Unlike the types of data we've seen before, lists are said to be mutable. This means that we can change the list. This idea doesn't quite make sense for the atomic types of data we've seen before (what does it mean to "change" 7 into -3?), but since lists are composed of multiple pieces of information, the ability to change those pieces makes some sense.

To do this, just as we refer to a position in the list to access the item located there, we can use this to assign a new value at that location.


    >>> grocery = ["garlic", "egg", "pita", "cereal", "yogurt", "carrot"]
    >>> grocery[2] = "jam"
    >>> grocery
    ["garlic", "egg", "jam", "cereal", "yogurt", "carrot"]
    

In addition to changing the value at a particular location in the list, we can extend the list with new items, without creating an entirely new list. This is done by using the append method.


    >>> grocery.append("coffee")
    >>> grocery
    ["garlic", "egg", "jam", "cereal", "yogurt", "carrot", "coffee"]
    

This method will add the provided item to the end of the list. We can use this to build a list more efficiently. Modifying our mapping pattern from earlier, we have the following code.


    >>> strings = ["cat", "", "pepper", "shoe", "paper"]
    >>> lengths = []
    >>> for string in strings:
    ...    lengths.append(len(string))
    >>> lengths
    [3, 0, 6, 4, 5]
    

So our generalized pattern now looks like:


    <new_list> = [] # initialize empty list
    for <item> in <list>:
        # do something with item
        <new_item> = ... <item> ...
        <new_list>.append(<new_item>)
    

It is very important to note here that append does not return a list. Instead, it mutates an existing list. Since it does not produce a value, this function actually returns None—that is, it does not produce a value at all.


    >>> new_item = grocery.append("cucumber")
    >>> grocery
    ["garlic", "egg", "jam", "cereal", "yogurt", "carrot", "coffee", "cucumber"]
    >>> new_item
    

Lists and variables

This discussion about mutating lists should make you wonder about how lists are represented and stored. Because they are mutable and they are made of multiple pieces of data, we need to be careful about how we understand their representation.

Suppose we would like to make a copy of a list. Easy enough: we saw this happen when we created a new variable and assigned a the value of the old variable to it a few classes ago.


    >>> lst1 = [1, 2, 3, 4]
    >>> lst2 = lst1
    >>> lst2
    [1, 2, 3, 4]
    >>> lst2[0] = 100
    >>> lst2
    [100, 2, 3, 4]
    >>> lst1
    [100, 2, 3, 4]
    

What is happening? Here, we peel back another layer of half-truths we've been overly simplifying. What is actually going on is that there's really one more layer than we've let on: in fact, variables always point to an address that contains a value.

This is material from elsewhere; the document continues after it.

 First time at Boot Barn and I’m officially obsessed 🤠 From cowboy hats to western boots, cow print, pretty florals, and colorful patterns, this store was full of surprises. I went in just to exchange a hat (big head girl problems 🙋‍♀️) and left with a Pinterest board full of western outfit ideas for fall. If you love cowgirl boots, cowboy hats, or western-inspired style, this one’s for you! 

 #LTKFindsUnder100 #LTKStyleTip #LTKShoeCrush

The id function will tell us the address for any variable.


    >>> id(lst1)
    4387473792
    >>> id(lst2)
    4387473792
    

Note that the exact address will be different each time you run a program because the program will be using memory in different places.

Now, let's consider something interesting.


    >>> x = 24
    >>> y = 24
    >>> id(x)
    4414466112
    >>> id(y)
    4414466112
    

Wait a second—both x and y have the same address, even though we didn't assign y = x! This suggests something that might be a bit surprising: while we originally thought of storing a value at a place referred to by the variable, in fact it's the other way around. All of these values are just hanging out somewhere in memory and the variables are just referring to them.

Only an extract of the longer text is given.